Educating All Parents To Ensure The Future Of Our Republic

My meeting with Barry Graff on 7/22/05

I went with David Cox, a local school teacher that has a distaste for "constructivist" programs and currently serving as a state legislator, to meet with Barry Graff the district curriculum specialist (or something like that--Sorry if I got your title wrong Barry).

After pleasantries, Barry informed me that the board had been kind of offended at my comments the other night when I brought up kickbacks potentially received in exchange for implementing the Investigations Math program. I told Barry I would email the board to clarify I wasn't implicating them personally in an Olympic type scandal where THEY had actually received something, but that it was my understanding that the district may have received a grant or "kickback" from the National Science Foundation that essentially put the school under contract to use Investigations Math for a period of years. Barry informed me that this was not the case and that the school district had used their "leeway" funds from prior years to make the purchase. More importantly he stated the school district was under no contract to keep Investigations and could switch at any time if they chose to do so.

The way Investigations got started is loosely like this. Most of the schools in the district were running their own choice of math programs. The programs weren't standardized across the district and principals every year had a budget to purchase texts for the classrooms. So there was a meeting and at the meeting with all the principals, the district said, "OK, anyone that wants to be part of a pilot program called Investigations Math next year won't have to buy your own textbooks, the district will do it. How many of you want to participate?" Every hand went up and the district became standardized. Now that standardized thing isn't necessarily bad. You can then have teachers collaborate and share classroom materials, however, the selection of the program is where the problem lies. (and it would be nice if schools that didn't want to teach Investigations had the freedom to "defect" and do as that school wants to do)

Other questions Barry answered for me:

1) Textbooks being confiscated? David and I only knew for sure of one school where that happened, Barrett Elementary, and the principal there is gone now. David had heard of other instances but didn't know names off hand.
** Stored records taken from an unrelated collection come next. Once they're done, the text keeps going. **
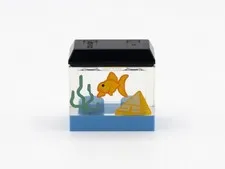 LEGO Brick 1 x 2 Fish Tank Goldfish Seaweed Black Top Blue Bottom Genuine Pieces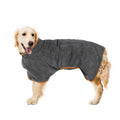 Nylon dog drying towel in grey with orange edge trim shown folded, available in XS to XL sizes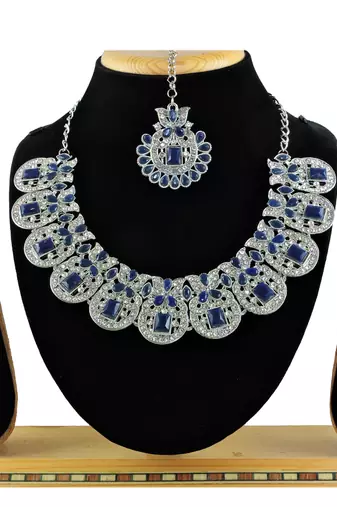Blue designer function wear ad necklace set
Barry said it was probably just an isolated incident and said it was also before Investigations started up when that school was using "Mathland" (precursor program to Investigations).

2) Teachers not allowed to teach times tables? Barry said the "all or nothing" approach is gone and that this was one of the holes they have plugged in Investigations by allowing teachers to teach the tables again and doing things like "10-minute math" etc...

3) Were students retested after failing tests and/or were students supplemented right before exams? Barry said there's no direction being given by the district to do this and teachers choose what to teach, however, he did not think this would be happening on any kind of standardized test because they are generally administered in a controlled manner and it was most likely just the teacher's own classroom testing that it could have occurred on. However, if it did occur, which my co-worker says his child's teacher told him directly, it is a pretty strong statement about the math program.

In closing my meeting with Barry, I told him about a letter given to President Clinton from a bunch of educators begging him to read E.D. Hirsch's book, The Schools We Need & Why We Don't Have Them. I asked him if I got him a copy if he would read it and he agreed. I have ordered it and am waiting for it to arrive to deliver it to him.